* Work item: All entries below must be written out verbatim, and the images must be dropped.

*** Supplied records ***

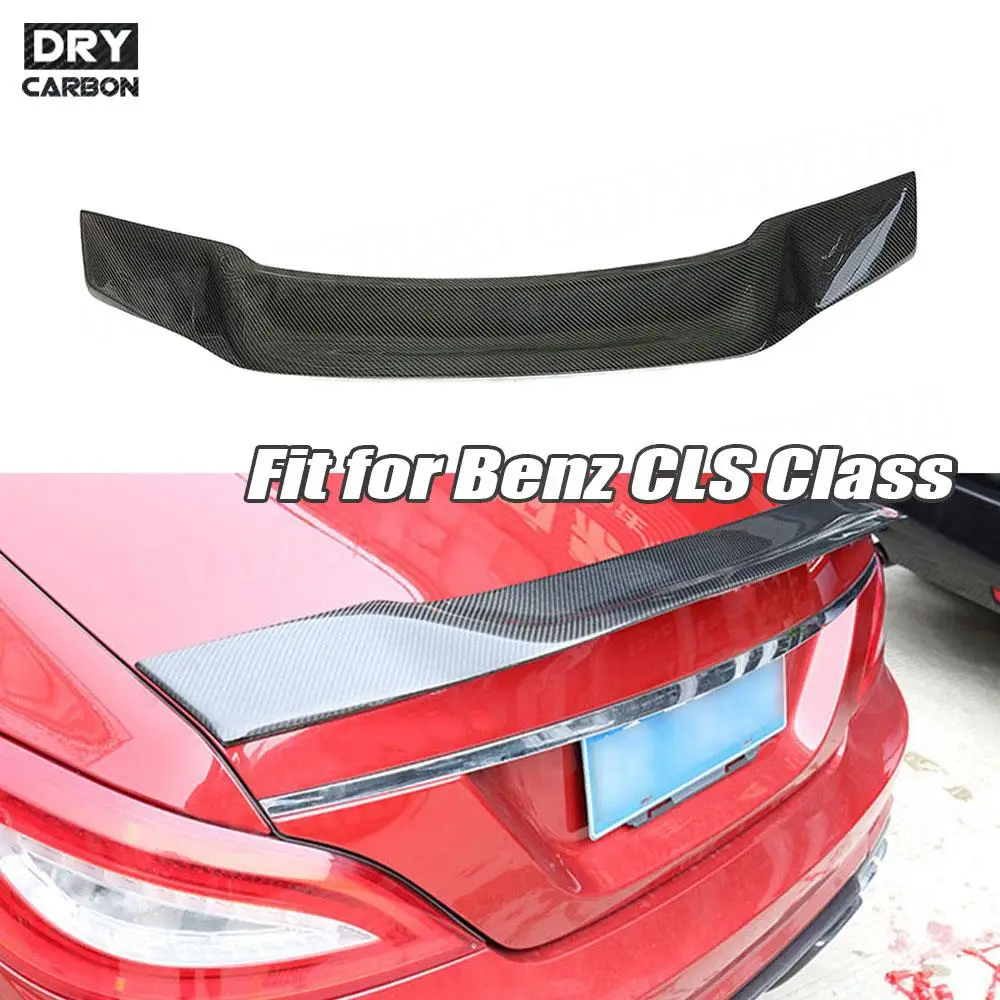

Carbon Fiber Rear Spoiler Trunk Boot Tuning Wing For Mercedez Benz CLS Class W218 CLS300 CLS350 CLS500 CLS550 CLS63 2012-2017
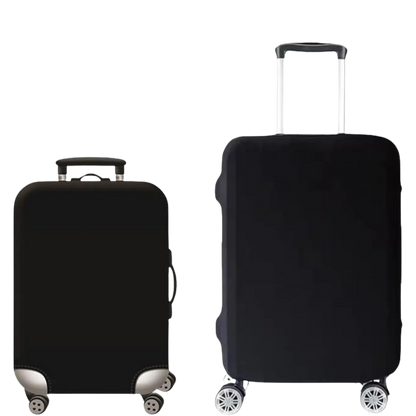 Luggage Cover Protector, Spandex Suitcase Cover (Black)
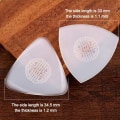 Miniatyrbillede 2 af 10: Guitar Pick Ruan Pick Plectrum WHITE 2 2 White 2-2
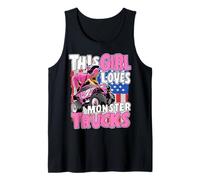 Bandera Americana Dinosaurio Niños Esta Chica Ama Camiones Monstruo Camiseta sin Mangas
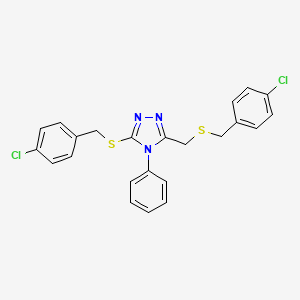 4-chlorobenzyl 5-{[(4-chlorobenzyl)sulfanyl]methyl}-4-phenyl-4H-1,2,4-triazol-3-yl sulfide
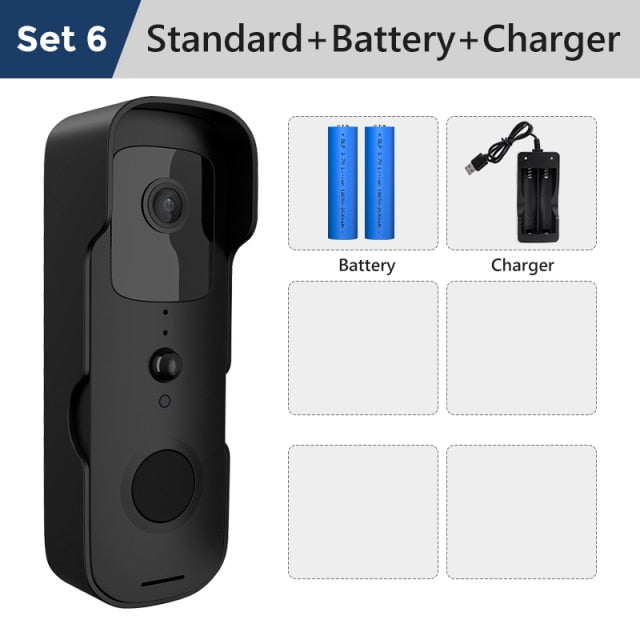 Night Vision WiFi Security Doorbell Camera Intercom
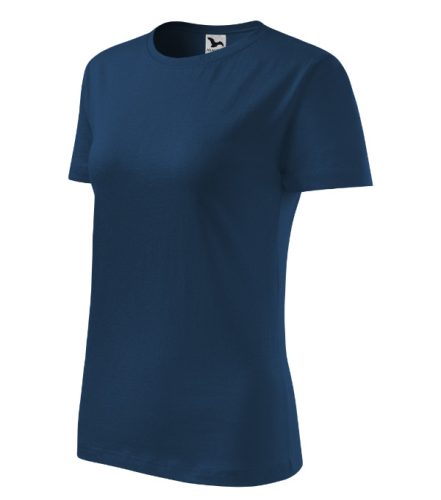 Malfini Classic New - Kerek nyakú női póló - Éjkék - XL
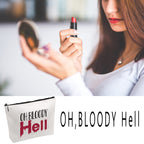 Tampon bag Period Pouch Sanitary Holder Oh Bloody Hell Bag Gifts For Best Friend (Oh Bloody Hell Bag)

*** End of Supplied records ***

* Answer space:
Carbon Fiber Rear Spoiler Trunk Boot Tuning Wing For Mercedez Benz CLS Class W218 CLS300 CLS350 CLS500 CLS550 CLS63 2012-2017
 Luggage Cover Protector, Spandex Suitcase Cover (Black)
 Miniatyrbillede 2 af 10: Guitar Pick Ruan Pick Plectrum WHITE 2 2 White 2-2
 Bandera Americana Dinosaurio Niños Esta Chica Ama Camiones Monstruo Camiseta sin Mangas
 4-chlorobenzyl 5-{[(4-chlorobenzyl)sulfanyl]methyl}-4-phenyl-4H-1,2,4-triazol-3-yl sulfide
 Night Vision WiFi Security Doorbell Camera Intercom
 Malfini Classic New - Kerek nyakú női póló - Éjkék - XL
 Tampon bag Period Pouch Sanitary Holder Oh Bloody Hell Bag Gifts For Best Friend (Oh Bloody Hell Bag)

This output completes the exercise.